FFmpeg入门 - 格式转换

系列文章:

我们现在已经能在安卓上播放视频画面了,但是声音部分还是缺失的,这篇博客就来把视频的音频播放模块也加上。

为了音频和视频可以分别解码播放,我们需要对之前的代码做重构,将媒体流的读取和解码解耦:

1041669479315_.pic.jpg

MediaReader从文件流中读取出AVPacket交由VideoStreamDecoder和AudioStreamDecoder做视频与音频的解码。我们在MediaReader里加上线程安全机制,使得视频和音频可以分别在各自的工作线程中进行解码。

音频分⽚(plane)与打包(packed)

解码出来的AVFrame,它的data字段放的是视频像素数据或者音频的PCM裸流数据,linesize字段放的是对齐后的画面行长度或者音频的分片长度:

   /**
    * For video, size in bytes of each picture line.
    * For audio, size in bytes of each plane.
    *
    * For audio, only linesize[0] may be set. For planar audio, each channel
    * plane must be the same size.
    *
    * For video the linesizes should be multiples of the CPUs alignment
    * preference, this is 16 or 32 for modern desktop CPUs.
    * Some code requires such alignment other code can be slower without
    * correct alignment, for yet other it makes no difference.
    *
    * @note The linesize may be larger than the size of usable data -- there
    * may be extra padding present for performance reasons.
    */
    int linesize[AV_NUM_DATA_POINTERS];

视频相关的在之前的博客中有介绍,音频的话可以看到它只有linesize[0]会被设置,如果有多个分片,每个分片的size都是相等的。

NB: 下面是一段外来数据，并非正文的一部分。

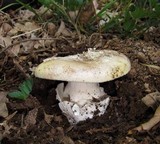 Amanita vernicoccora image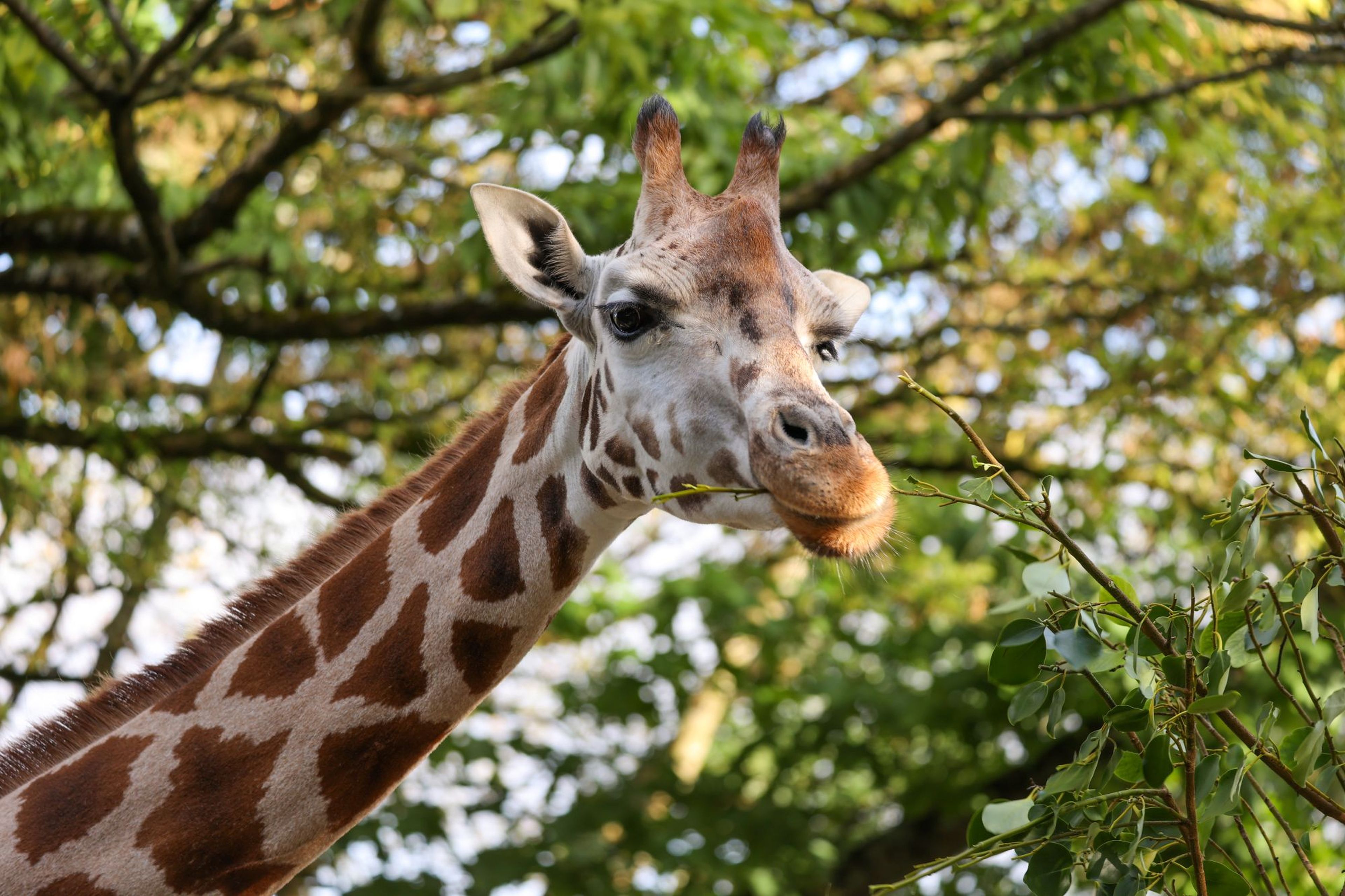 Giraffe eating green leaves from a tree, surrounded by lush foliage and dappled sunlight at Paignton Zoo in Devon, UK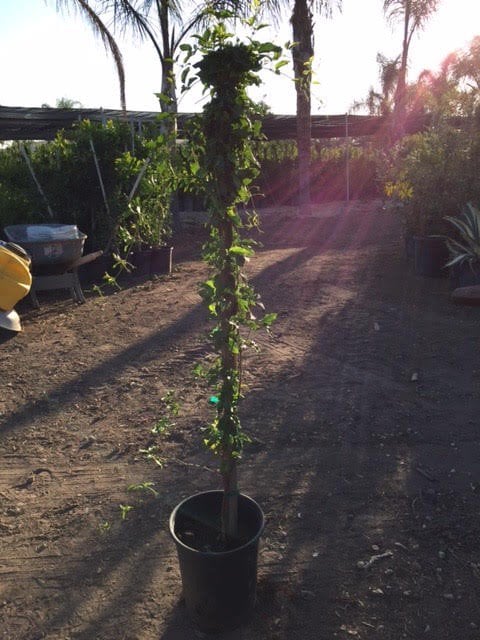 Photo for Distictis 'Rivers' (Royal Trumpet Vine)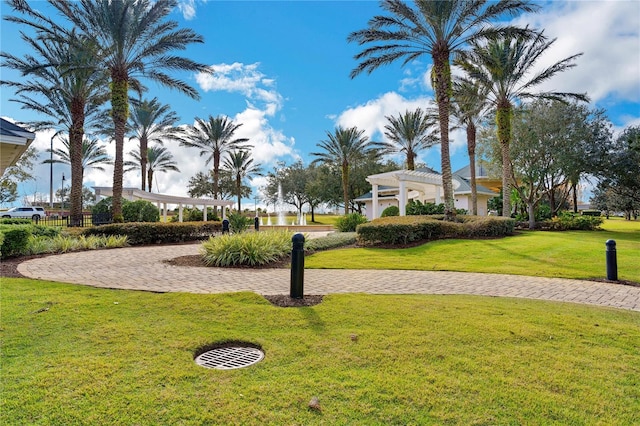 view of property's community with a yard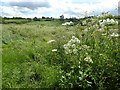 Farmland at Hook Norton in OX15 5JR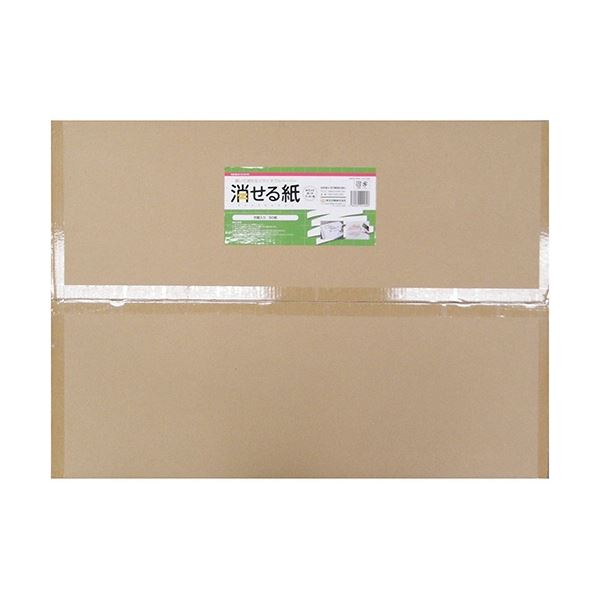 欧文印刷 消せる紙 （ホワイトボードマーカー用） A1判 方眼 594×841mm M5CGSA1W50 1パック （50枚） 日用品雑貨・文房具・手芸 文房具・事務用品 文具 オフィス用品 文房具 事務用品 ホワイトボード・白板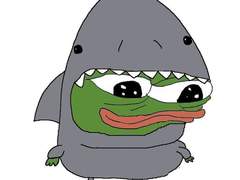 자컾 솜인형 갠제후기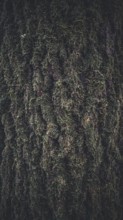 Close-up of tree bark with moss growth and natural texture, Frankenwald nature park Park, Germany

要理解这里的分片size,先要理解音频数据的两种存储格式分⽚(plane)与打包(packed)。以常见的双声道音频为例子,

分⽚存储的数据左声道和右声道分开存储,左声道存储在data[0],右声道存储在data[1],他们的数据buffer的size都是linesize[0]。

打包存储的数据按照LRLRLR...的形式交替存储在data[0]中,这个数据buffer的size是linesize[0]。

AVSampleFormat枚举音频的格式,带P后缀的格式是分配存储的:

AV_SAMPLE_FMT_U8P,         ///< unsigned 8 bits, planar
AV_SAMPLE_FMT_S16P,        ///< signed 16 bits, planar
AV_SAMPLE_FMT_S32P,        ///< signed 32 bits, planar
AV_SAMPLE_FMT_FLTP,        ///< float, planar
AV_SAMPLE_FMT_DBLP,        ///< double, planar

不带P后缀的格式是打包存储的:

AV_SAMPLE_FMT_U8,          ///< unsigned 8 bits
AV_SAMPLE_FMT_S16,         ///< signed 16 bits
AV_SAMPLE_FMT_S32,         ///< signed 32 bits
AV_SAMPLE_FMT_FLT,         ///< float
AV_SAMPLE_FMT_DBL,         ///< double

音频数据的实际长度

这里有个坑点备注里面也写的很清楚了,linesize标明的大小可能会大于实际的音视频数据大小,因为可能会有额外的填充。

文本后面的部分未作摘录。